### WORK TO BE COMPLETED
Copy out the full listing exactly, omitting any picture it contains.

### DATA EXCERPT
>>>>

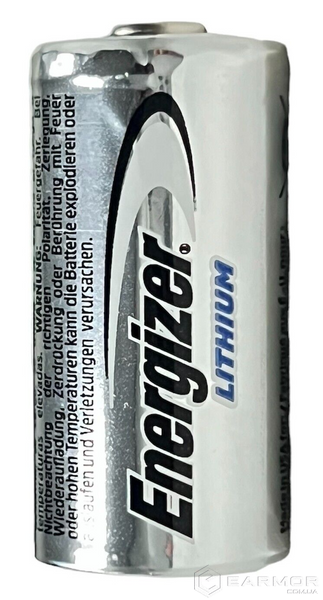 Батарейка Energizer CR123A (CR123, 123A, 123) Lithium, 1 шт.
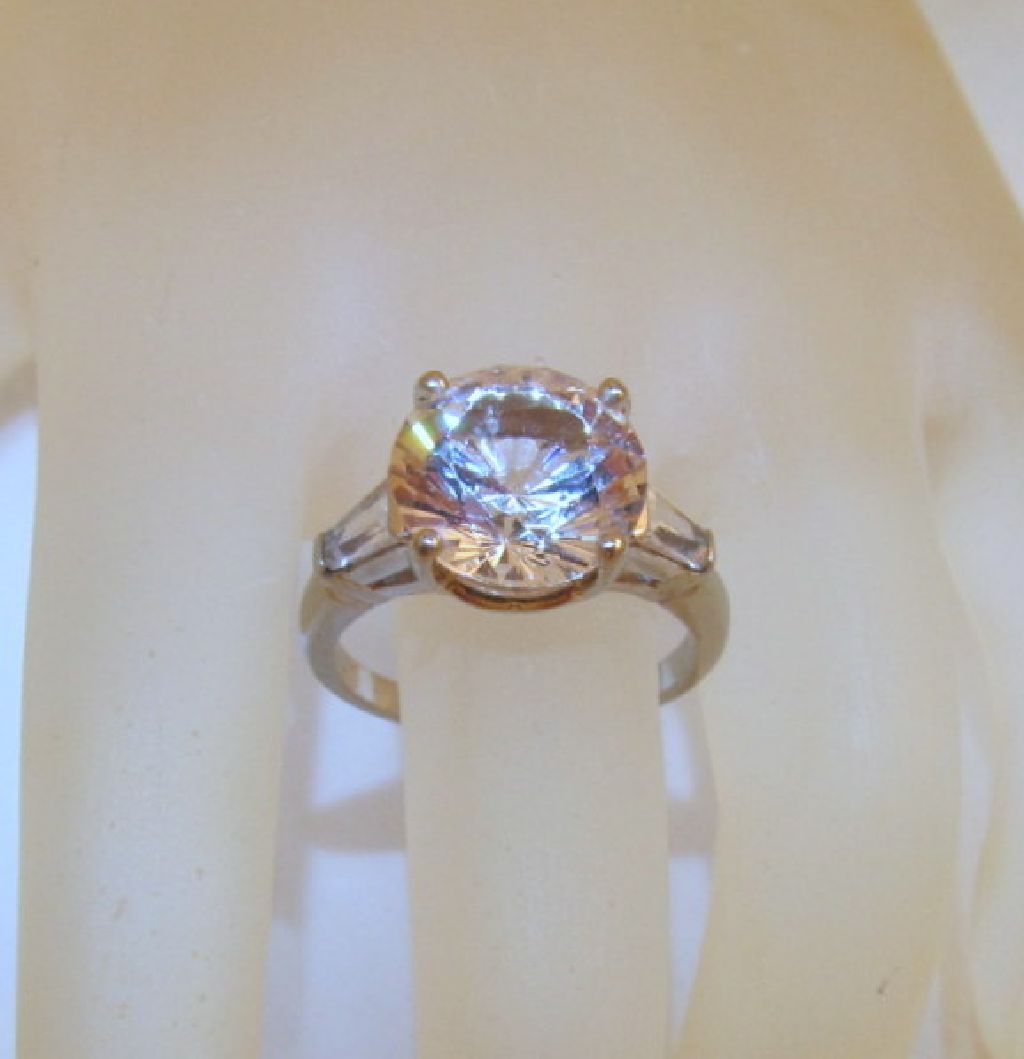 Art Deco 10K Spinel White Gold Ring Art Deco 10K Spinel White Gold Ring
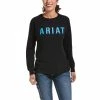 Guadalajara Western Wear Ariat Rebar CottonStrong Block Long Sleeve T-Shirt Women 1 Guadalajara Western Wear Ariat Rebar CottonStrong Block Long Sleeve T-Shirt Women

<<<<

### REPLY TO THE TASK
 Батарейка Energizer CR123A (CR123, 123A, 123) Lithium, 1 шт.
 Art Deco 10K Spinel White Gold Ring Art Deco 10K Spinel White Gold Ring
 Guadalajara Western Wear Ariat Rebar CottonStrong Block Long Sleeve T-Shirt Women 1 Guadalajara Western Wear Ariat Rebar CottonStrong Block Long Sleeve T-Shirt Women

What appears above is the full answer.